Grounded in first-hand experience from both OEM and manufacturing perspectives, this panel will focus on what works, what fails, and how MedTech teams can take a more structured, strategic approach to advancing automation and building scalable manufacturing systems. The conversation examines this gap through the lens of manufacturing maturity, with insights from Teleflex and Vantedge Medical on how systems evolve from isolated automation to connected, data-driven operations.
Panelists will share real-world lessons from implementation, including how OEM teams align internal stakeholders across engineering, operations, and commercial functions while coordinating with manufacturing partners.
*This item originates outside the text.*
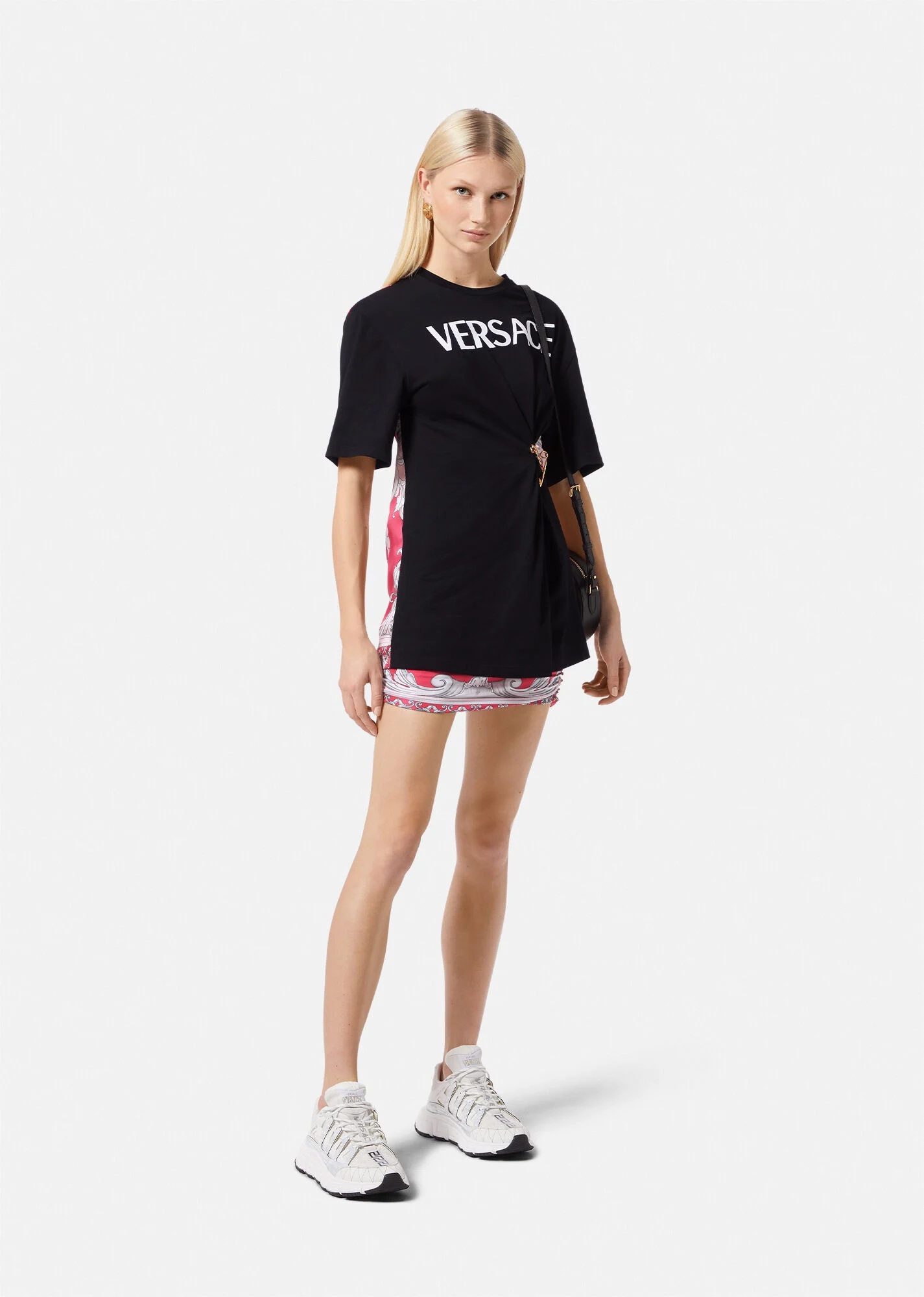 Silver Baroque Safety Pin T-shirt - 2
Topics will include system integration, data utilization, and the operational and organizational barriers that often slow progress.
A key focus will be on how automation strategies are developed and sustained over time, including the role of internal teams and cross-functional alignment in driving business outcomes. Drawing on experience supporting surgical business units, the discussion will highlight how automation decisions impact not only manufacturing performance, but also broader commercial and operational commitments.
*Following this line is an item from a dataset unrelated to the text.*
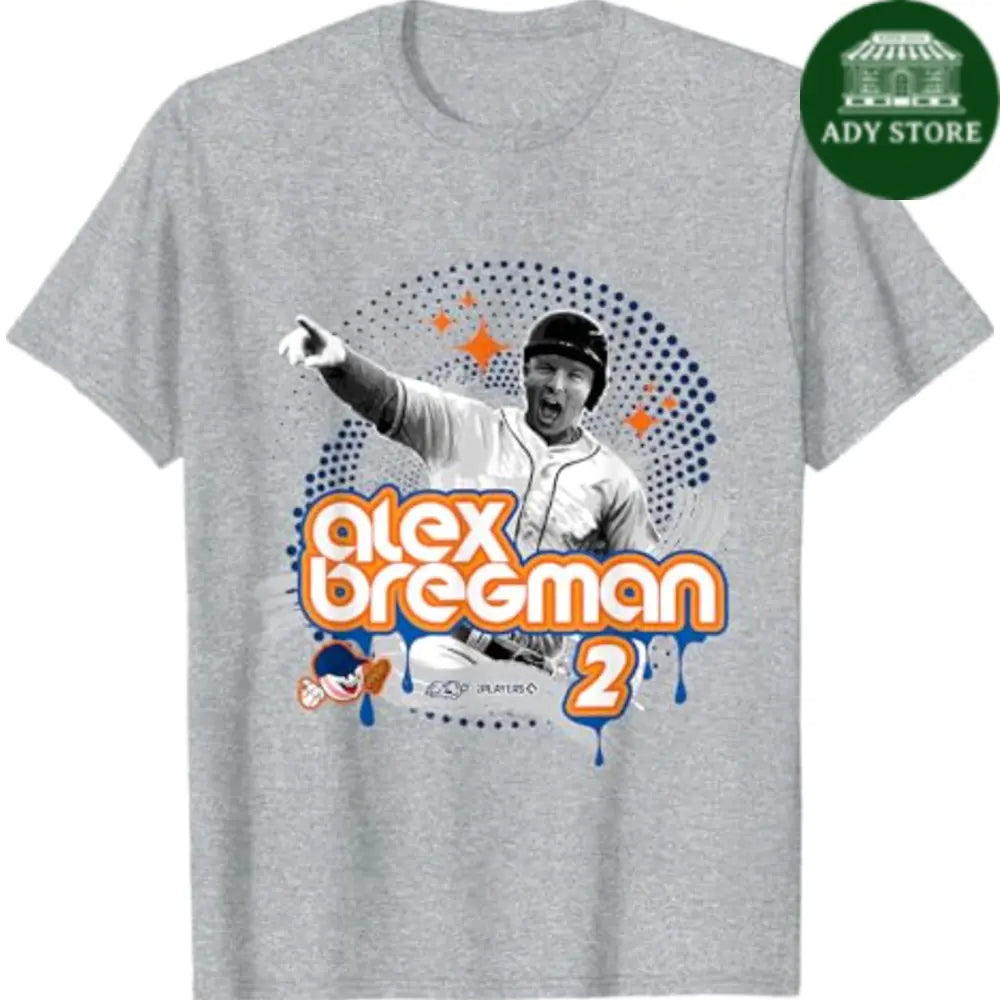 Alex Bregman Houston Baseball Sket One x MLB Players T-Shirt Ady Store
The panel will also address a critical question: when does Industry 4.0 create meaningful value, and when does it introduce unnecessary complexity? Panelists will explore how to determine when these investments are truly warranted.
3-5 Learning Objectives:
1. Understand the difference between isolated automation and integrated Industry 4.0 systems, and how that gap impacts performance and scalability
2. Evaluate manufacturing maturity levels and what defines progression from manual processes to connected, data-driven operations
3. Identify common barriers to automation success, including system fragmentation, limited data visibility, and organizational misalignment
4. Understand how early automation strategy and system design decisions influence long-term scalability, integration, and adaptability
5. Understand how OEM teams can align automation strategies with business objectives and manufacturing partners to improve outcomes across the product lifecycle.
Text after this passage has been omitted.